Data Sets

Each data set consists in four components

a data table whose rows/columns have to be clustered,
a set of possible row labels,
a set of possible columns labels,
a set of parameters describing the generative model employed.

All data sets have been generated from the Latent Block Model with normally distributed entries. They differ in the type of model used:

either a single variance parameter is shared by all entries of the data table,
either each block of the data table has its own variance parameter.

Then, the setups differ with respect to:

table size,
number of classes,
difficulty (conditional Bayes' error).

The following figure shows the original data table, which is unsorted, on the left. The left and top sidebars respectively represent row and column class labels. The table is displayed sorted in the center, using an element of the set of possible row and column labels. The right-hand-side summary represents the block average of the sorted data table, that is, the average of the entries sharing identical row and column assignments.

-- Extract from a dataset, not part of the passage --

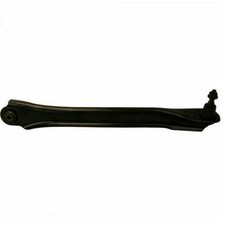 BRAS DE SUSPENSION ARRIÈRE DROIT POUR FORD ESCAPE 2001-2008 5L8Z5500AC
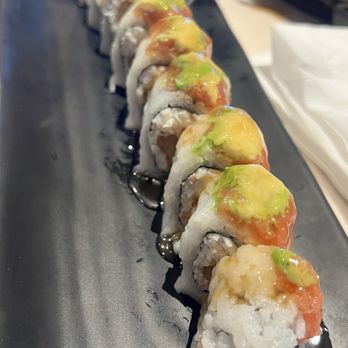 Umami - Japanese Near Me - Las Vegas, Nevada Umami - Japanese Near Me - Las Vegas, Nevada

Unsorted Table	Sorted Table	Summary Table

As stated in the list above, we provide several (2000) possible row and column labels, sampled from the distribution of labels given the table (see details in paper). These labels do not cover exhaustively the distribution of labels, but enable to estimate expected performances with respect to the distribution of true labels.

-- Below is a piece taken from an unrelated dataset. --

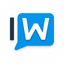 Instant Weather icon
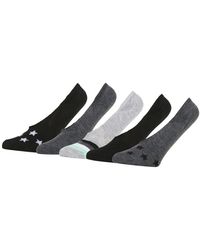 Steve Madden womens Fleece Footed Tights Sm35083 Tights Steve Madden womens Fleece Footed Tights Sm35083 Tights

Finally, the parameters that fully specify the generative model employed are provided for information as they may be useful for interpretation purposes.

Data Archives

Each archive .zip corresponds to a type of data sets defined by the error, the size and the number of clusters. It contains 20 folders corresponding to 20 different data sets. Each folder is named by AAA_err_BBB_n_CCC_g_DDD_tab_EEE, where :

AAA states whether the probabilistic generative model is Bernoulli (binary), Poisson (contingency) or Gaussian with equal variances across table entries (var_eq) or Gaussian with different variances across blocks (var_dif);
BBB describes the degree of overlap, as measured by the conditional Bayes risk (see paper): there are three categories (05,12,20) respectively corresponding to true error rates in the following intervals (in %): [4, 6], [11, 13] and [19, 21];
CCC in (50, 100, 200, 500) stands for the table size (that is, the numbers of row/column entries , which are identical);
DDD in (3, 5, 10) stands for the number of classes (that is, the numbers of row/column classes, which are identical);

The folder contains 4 files in ascii format (entries are tab-separated and lines end with line feeds):

data_table.txt lists the entries of the data table: each line stands for a row of the data table;
col_class.txt lists 2000 possible column labels: each line corresponds to a full labeling of the columns of the table;
row_class.txt lists 2000 possible row labels: each line corresponds to a full labeling of the rows of the table;
readme.txt specifies the parameters of the latent block model used to generate the data, together with a precise assessment of the difficulty of the task, according to the total/row/column conditional Bayes' error (see paper).